Prime Cuts: Reason, You've Always Been, Let It Be Love
Overall Grade: 4/5
Unspoken did not check their brains at the door when they make "Reason." On this new 12-song album, this pentad has brilliantly given us some food for thought by engaging in theological themes often neglected by most CCM artists. Issues such as apologetics ("Reason"), the depravity of human beings and the grace of God ("Human Condition"), the particularity of God's love ("You've Always Been") are not generally topics expounded across the swath of today's CCM. Yet in the hands of Unspoken, not only are they adequately elucidated but they are crafted along melodies that are contemporary without a hint of stoicism. Their soulful pop-centric sound has never sounded better, thanks to the creative input of famed producers Tedd T. (for KING & COUNTRY) and Chris Stevens (tobyMac).

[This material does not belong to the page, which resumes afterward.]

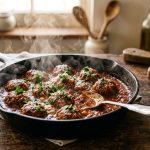 Hot tender reheated meatballs in rich marinara sauce in a skillet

"Reason," the title cut, is a must-hear. With clappy percussions and the gentle nudging of the acoustic guitars working in concert with Unspoken, the song helps us to see God's presence all around us. Not only is this song a comfort for a troubled soul, but it's great apologetics in action. Current single "You've Always Been" thrives on the song's attention paid to its details. Heart hitting lines such as "biggest planets turn to pebbles when You speak" and "when in pride I think I'm worthy, You point out the price You paid" abound. Never ones to color within the lines, the haunting "Let it Be Love" will certainly ruffled some feathers. In our social climate of hatred and divisions, "Let It Be Love" applies 1 Corinthians 13 by echoing the Apostle Paul's message that most important attribute we need to display in such a melee is love. Vermillion love that reflects the blood of Jesus shed for us on the Cross.
"Can't Even Love Myself" is another song that deserves widespread circulation. In our self-help culture where we are expected to pull up our moral bootstraps, "Can't Even Love Myself" takes the great reformation doctrine of grace alone and makes it so palatable that even a high schooler can understand. On a similar lyrical trajectory but set on a jaunty pace with interesting snap drums is the interesting "Human Condition." "If We Only Knew" puts the boys into the big balladry arena which is passable without being great. The same can be said about the orotund sounding pop-centric "Help is on the Way." Better is the soulful "Just Give Me Jesus" quipped with a Gospel choir.
Unspoken's "Reason" is not just an album made for the ears. Rather, it's aimed for both the ear and mind. Never ones to shy away from the pressing issues facing the average person, they take them and creatively address them in ways that are fresh, understandable and in many cases "cool."